The behavior of point defects and their impact on the formation of helium bubbles in refractory high-entropy alloys

The present study investigates the behavior of point defects and the formation mechanism of helium bubbles in a series of refractory high-entropy alloys (RHEAs), based on first-principles calculations. Compared with elemental V and Nb, all the RHEAs exhibit reduced formation energies for vacancies, substitutional He, and tetrahedral He. Moreover, although the average migration energies for vacancies and tetrahedral He in RHEAs are similar to those in elemental metals, the values exhibit wide and asymmetric distributions with a significant portion extending down to 0 eV, enabling numerous low-barrier pathways. In order to elucidate how defect energies depend on chemical environments and to identify the key elements that modulate the bubble formation, the charge density distributions are calculated, showing that the vacancy formation tends to be promoted by Ti, and suppressed by Nb.

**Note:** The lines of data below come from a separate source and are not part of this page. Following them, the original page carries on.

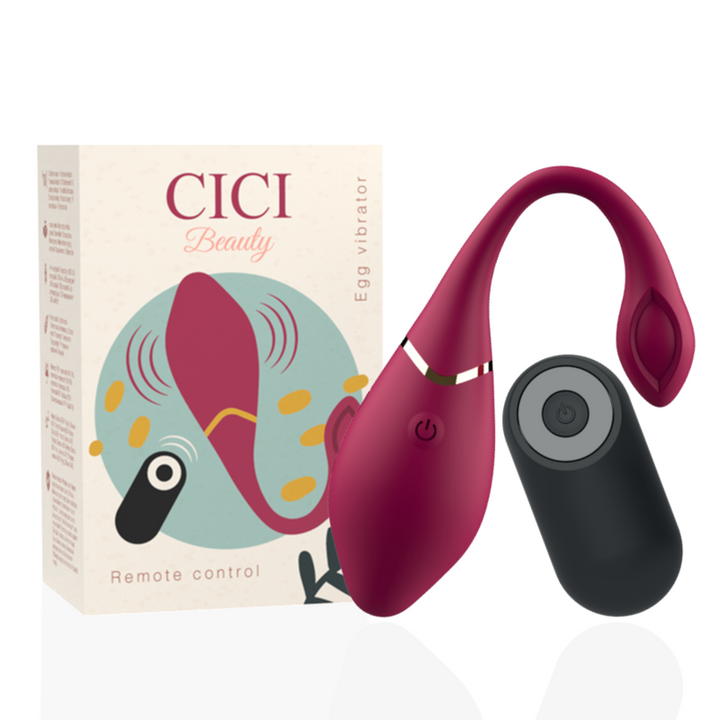 Estimulador Ovo Vibração Usb Cici Beauty Controlo Remoto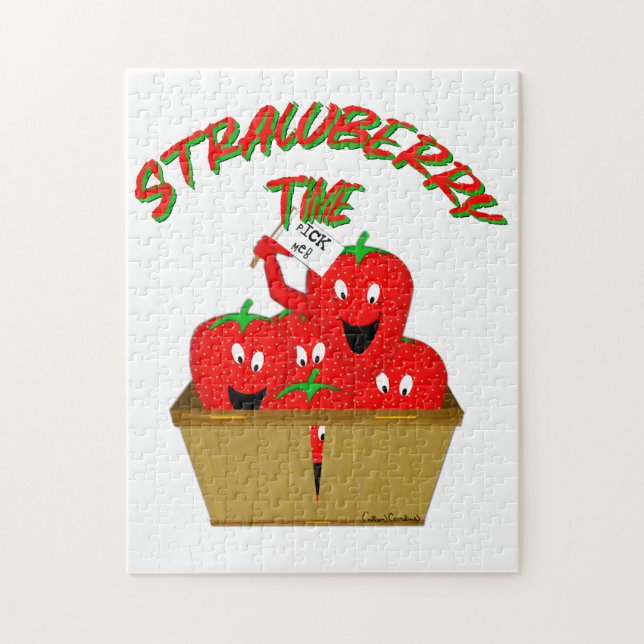 Strawberry Time! Jigsaw Puzzle (Vertical)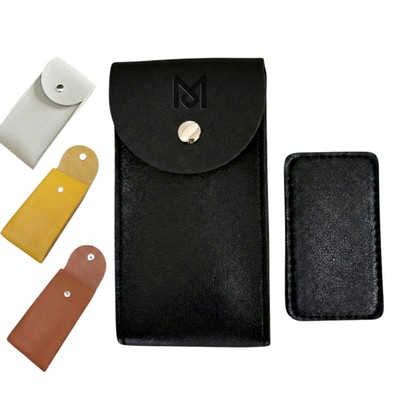 Square Microfiber Watch Pouch with Snap Closure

He ion irradiation experiments were also carried out to explore the influence of point defect energies on He bubble formation, and confirm that the bubbles in these RHEAs are considerably larger than those in the elemental metals. By comparing several conventional He bubble formation mechanisms, the vacancy and dissociation mechanisms can well correlate the calculated defect energies with the bubble sizes, demonstrating that the low vacancy formation energy and the weak binding energy of He-vacancy pairs could be the key factors that enhance the aggregation of He atoms in RHEAs. This work demonstrates that the understanding of the point defect behavior is necessary to evaluate the irradiation resistance of RHEAs.